Having been a part of so many musicians’ rise to fame, Mama Jan knows a thing or two about what makes a star, and who real stars are. When asked about the pandemic induced uptick in social media stardom, she definitely has some thoughts: “During the pandemic, we saw labels scouring the internet looking for talent, and we’ve seen an inordinate amount of celebrity-driven Instagram and TikTokers being signed. I understand that labels see someone with 2.8 million followers and they want to sign that following, but then they call me and say they need me to teach these people to sing,” Smith shares. “I think people are starving for authenticity, and I am in the business of growing artists. That’s what we say at Jan Smith Studios.” And when Smith says artists, she has very specific ideas about what that means. “People think they want a celebrity lifestyle and that a tour bus looks really fun until you have to sleep on one for 86 days,” she laughs. “People don’t really understand the hard work [required in the music industry] and many more hours than most people put into a day job. People can have great voices, but are those people true artists?” And what exactly is a true artist according to the one and only Mama Jan? “I know it when I see it and hear it,” she says. “Not all true artists get to be in the mainstream eye, plus, being a celebrity and being an artist are two different things,” she points out. “Sometimes, the two collide, but a real star is what a true artist rises to in their celebrity.”


So while not many TikTokers are catching Smith's eye these days, what young artists are? “I have some incredible artists in my house,” she says. One is Sage Hammond who moved here at 15 just to work with me, and she has an amazing voice that will shake the rafters. We were about to release her new stuff when the pandemic hit, but it will release soon.” Other up-and-comers under the watchful eye and talented guidance of the Jan Smith Studios team include Grace Asbury, a young rapper named Whoada, singer CeCe Benz, and a rock band named Dim.

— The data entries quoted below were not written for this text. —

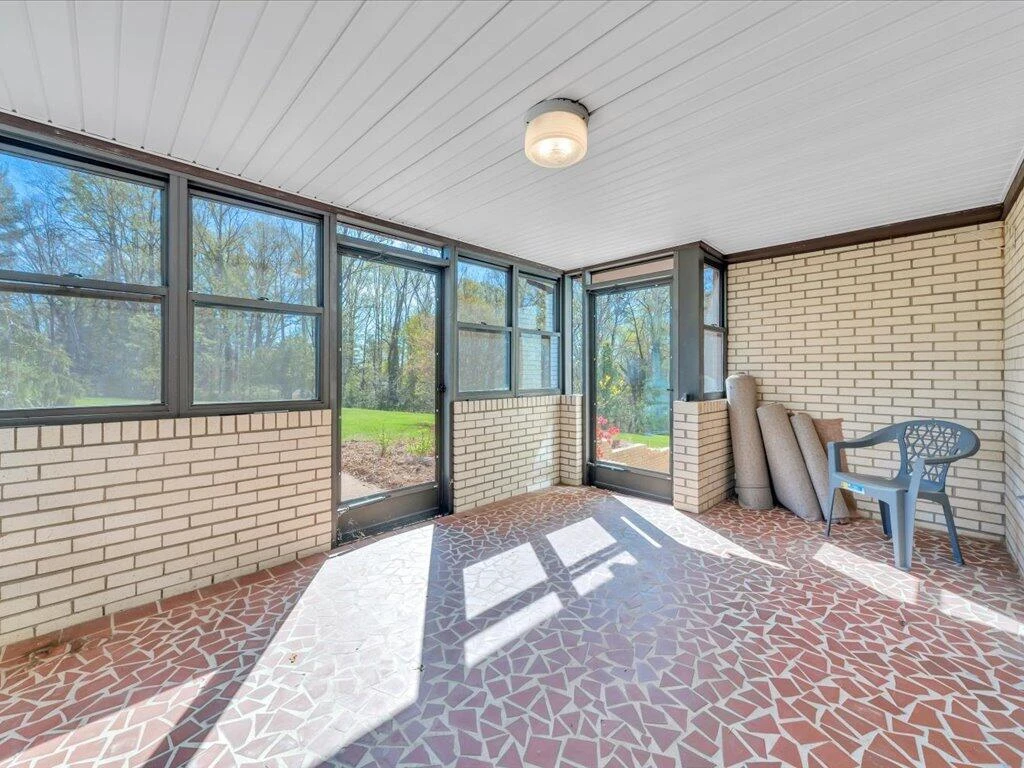 32 Dori DR - Photo 60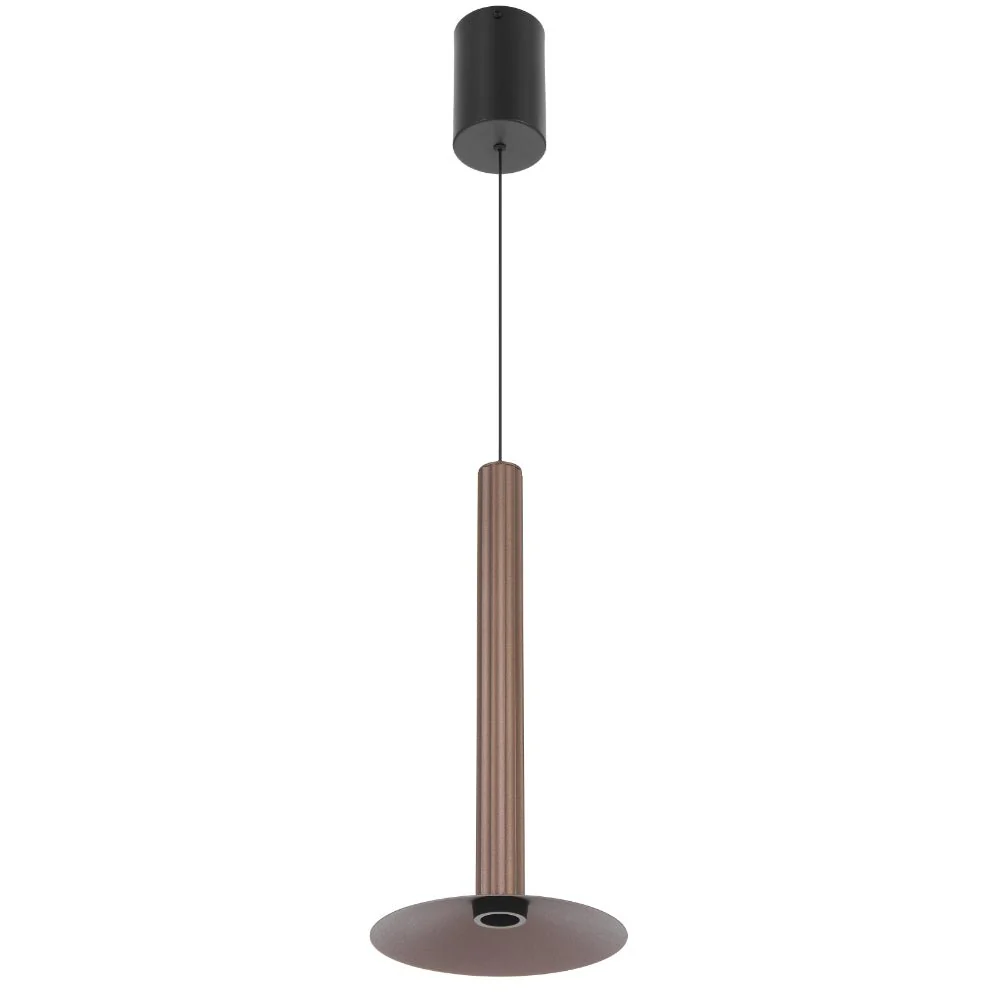 Telbix Grado Pendant Light - Image 13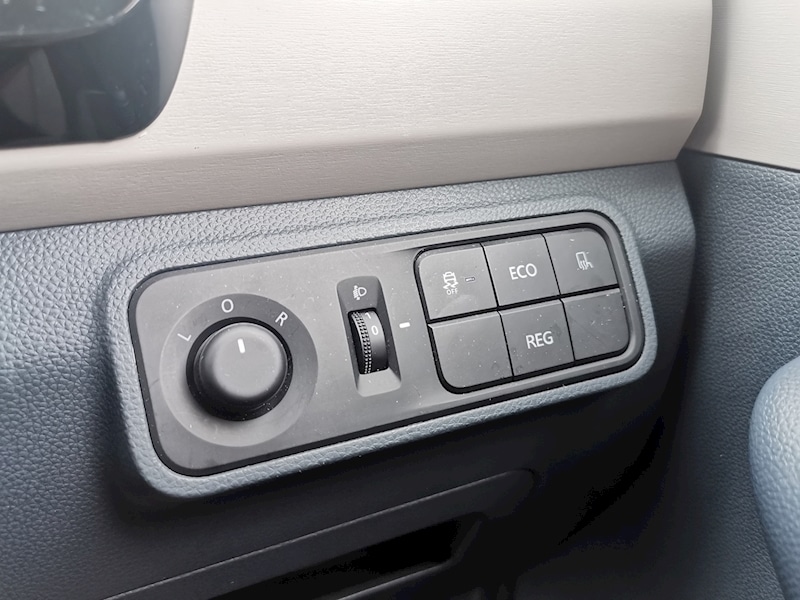 Used Maxus eDeliver 3 for sale - 77776359: Photo 18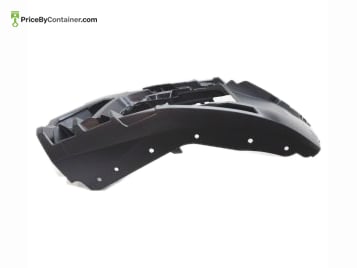 BMW 51118078611 — BMW GENUINE SUPPORT LEFT 51118078611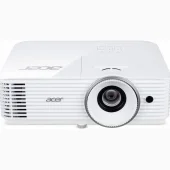 Acer H6542BDi
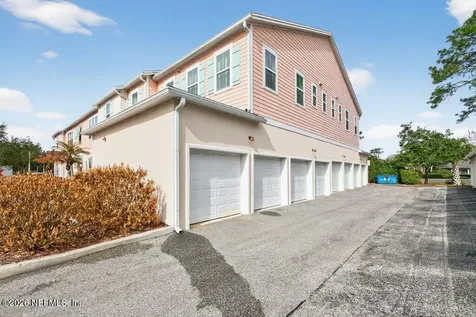 132 Ponte Vedra Colony Circle Ponte Vedra Beach FL 32082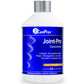CanPrev Joint-Pro Concentrate, 500ml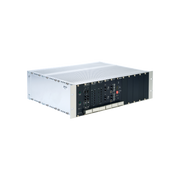 Clear-Com IMF-3 Interface Module Frame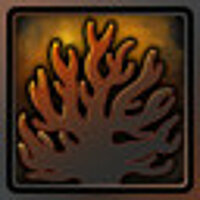 Досягнення The one and only Lord у грі Bound by Flame для GOG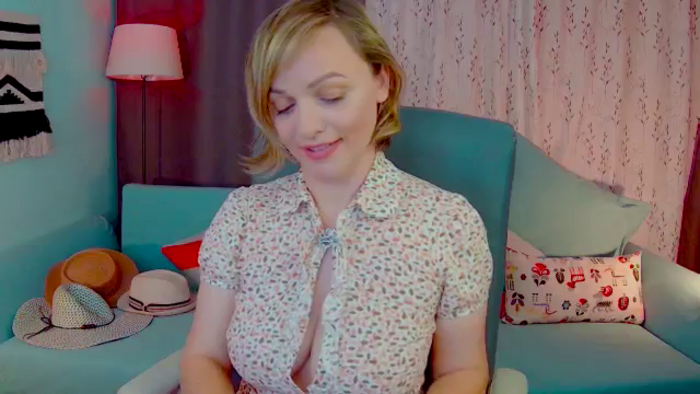 SweetDazzle
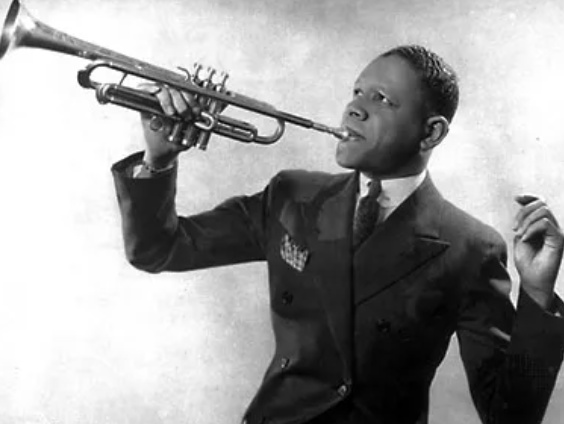 Buy Sonny Criss Online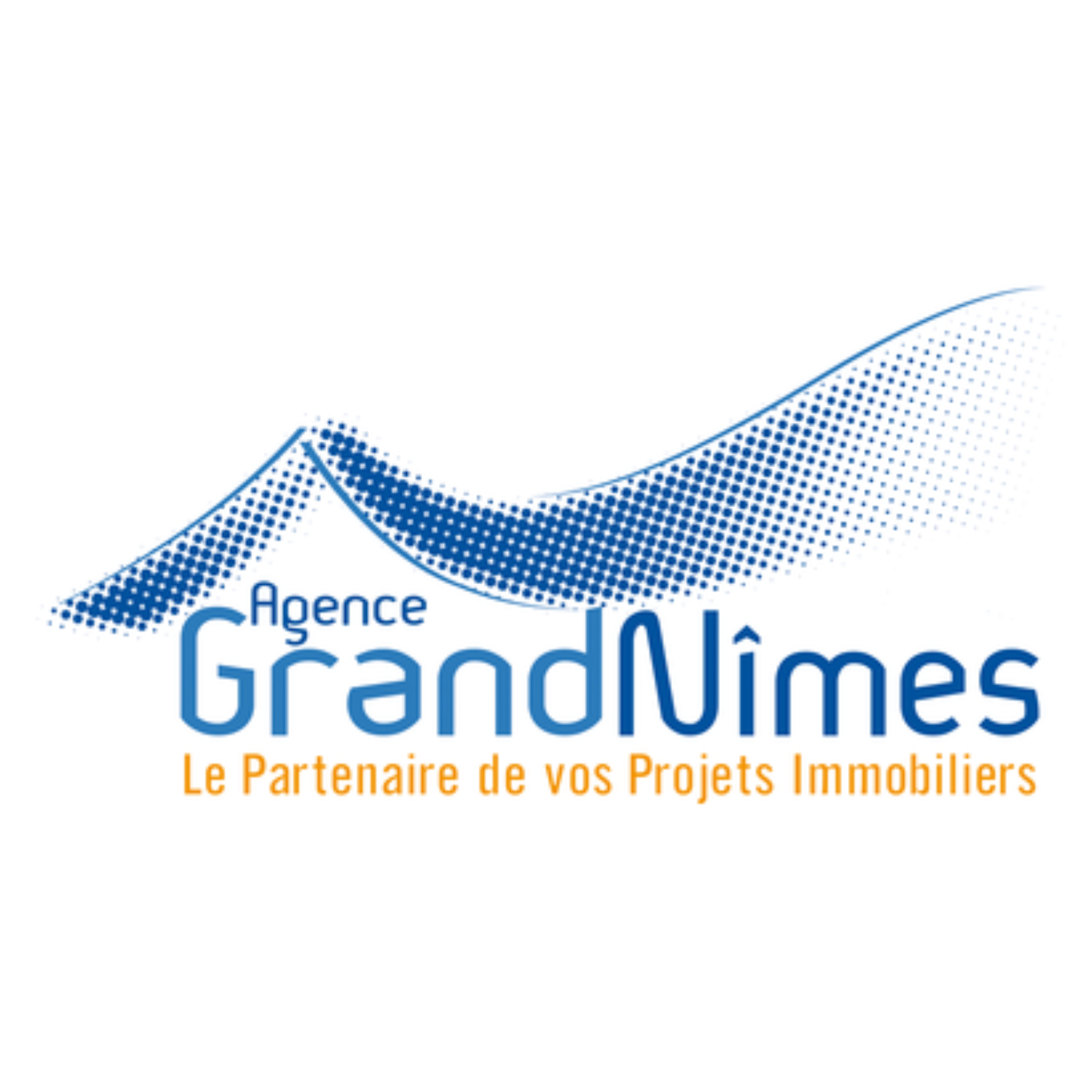 AGENCE GRAND NÎMES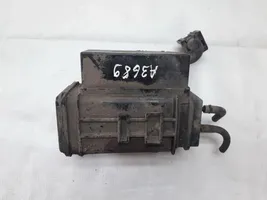 Honda CR-V Aktivkohlefilter p6690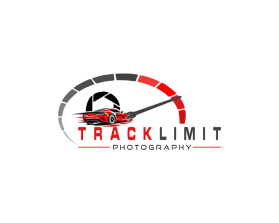 TrackLimits Photography entry by Abdul Rochim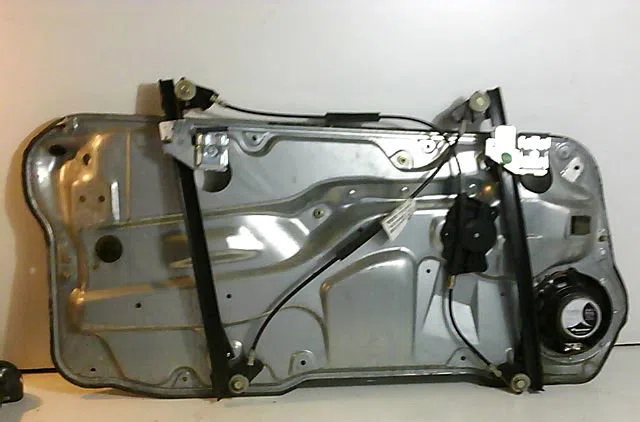 Mecanisme  moteur lève-glace avant droit VOLKSWAGEN GOLF occasion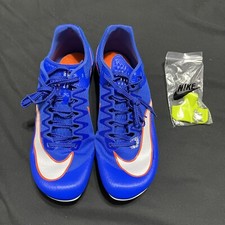 Nike men 10.5 for sale  Philadelphia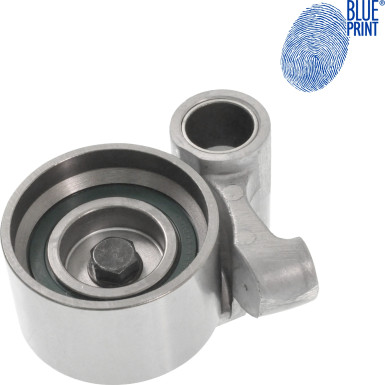 ADT37635 Spannrolle, Zahnriemen ADT37635 Spannrolle, Zahnriemen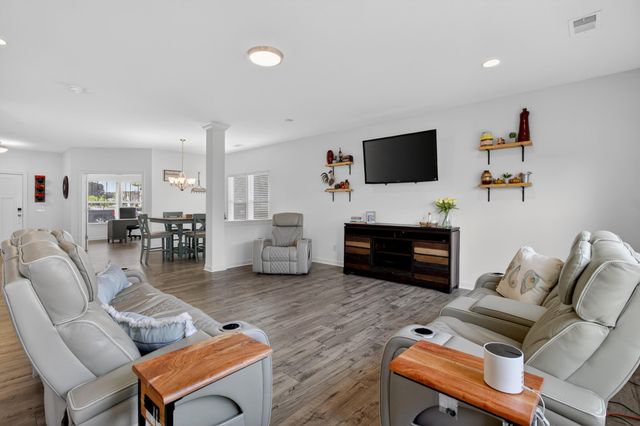 428 Avocet Drive, Summerville, SC 29486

It's clear that the list of things that make Mama Jan special is long, but one of the items on that list is that she’s never compromised the foundation of who Jan Smith is. One of those cornerstones is that she’s a Georgia Peach. “I’ve traveled all over the world from China to Canada to Israel, but I chose to stay living in Georgia on purpose,” she says. “Atlanta is a little big town that I’ve watched grow from the time I was a child. I love this town. I love our skyline! And Georgia’s thriving right now. Not only the music industry and what Atlanta artists and producers and songwriters are creating, but also the film and television industries here. It’s a special place to be, and with the level of talent and the cost of living, my opinion is the future of Atlanta and Georgia looks pretty bright. And I’m glad I’m already here and solid as far as a brand and my business and my reputation.”


Another integral part of Smith is that she’s a woman of faith. “Everything goes back to the way I was raised, and that’s to treat other people the way you want to be treated and to tell them the truth,” she shares. “I think God has me in a position to be an example, and our studio is a light on a hill. People need to know that somebody cares about them and that they’re loved and that someone will pray for them, and if ‘Mama’s Music House’ can be that place for artists, I consider myself successful.” Mama knows best, indeed.